Следует иметь в виду, что большинство писателей и поэтов напрямую к революции не призывали. Они лишь готовили почву для нее. Если они иногда и использовали слово «революция», то либо в переносном смысле, либо до конца не понимая, что это страшное явление. Имело место либо легкомыслие, либо невежество. Но когда тучи революции уже собрались над Россией, послышались раскаты грома и вспышки молний, многих деятелей литературы обуял какой-то неведомый им доселе дух, они вошли в состояние самой настоящей одержимости. Видимо, духи злобы поднебесной установили над некоторыми поэтами и писателями свою власть, когда они еще в разных салонах и литературных кружках начали опасные «творческие» эксперименты. Игра со словами оказалась не столь безобидной, как казалось некоторым служителям Мельпомены[206]. В начале ХХ века поэзия свидетельствовала о нашествии на Россию новоявленных духов мирового зла. При этом чувствовалось, что поэты не просто пророки или бесстрастные наблюдатели, они активные участники всех революционных непотребств. Их революционным, а правильнее сказать, демоническим энтузиазмом пропитаны строки новых стихов и поэм. Вот, например, что пишет Федор Сологуб[207]:

И верен я, отец мой Дьявол,Обету, данному в злой час,<…>Тебя, отец мой, я прославлюВ укор неправедному дню,Хулу над миром я восславлю,И соблазняя, соблазню.

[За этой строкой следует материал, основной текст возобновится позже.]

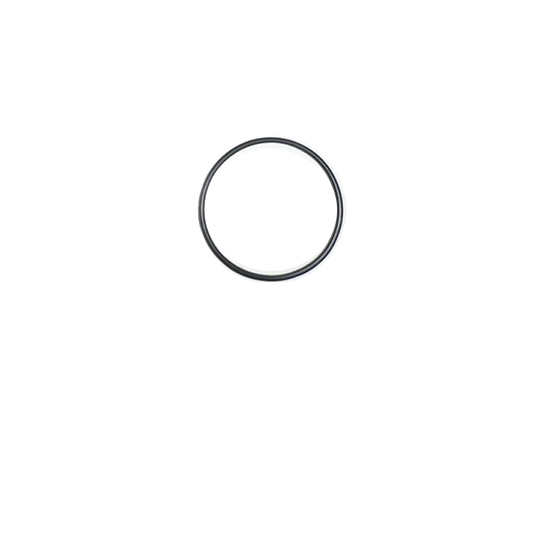 145586 seal o ring 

Философ Иван Александрович Ильин так характеризовал подобные сатанинские вирши: «Это был уже зрелый дух безбожия, большевизма и революции». Еще одним ярким примером того, как поэты неожиданно входили в состояние революционной одержимости, является поэма Александра Блока «Двенадцать»:

Товарищ, винтовку держи, не трусь!Пальнем-ка пулей в Святую Русь —В кондовую,В избяную,В толстозадую!Эх, эх, без креста!<…>В зубах – цигарка, примят картуз,На спину б надо бубновый туз!<…>Эх, эх, согреши!Будет легче для души!<…>Эх, эх!Позабавиться не грех!Запирайте етажи,Ныне будут грабежи!Отмыкайте погреба —Гуляет нынче голытьба.<…>Мы на горе всем буржуямМировой пожар раздуем,Мировой пожар в крови —Господи, благослови!

Эти строки принадлежат тому самому Блоку, который еще недавно писал «Стихи о прекрасной даме» (цикл из 129 стихотворений, первая публикация в 1904 году). А теперь чувствовалось, что Блок считает себя пророком эпохи и он уверен, что революционная вакханалия возглавляется Самим Спасителем.

Иван Ильин писал по поводу «Двенадцати» Блока: «Эту поэму “Двенадцать” Блок писал, сам захваченный соблазнами революции. И в соблазнах этих пытался договорить, будто впереди всего этого дела, в котором уголовщина и безумие, ожесточение и черная злоба попытались отменить и добить Россию, – будто впереди этого дела с кровавым флагом и в белом венчике из роз шел Христос, Сын Божий. Русская поэзия пала в этот момент, ослепла, обезумела, но, обезумев, дала точную в своей отвратительности картину большевистской революции»[208].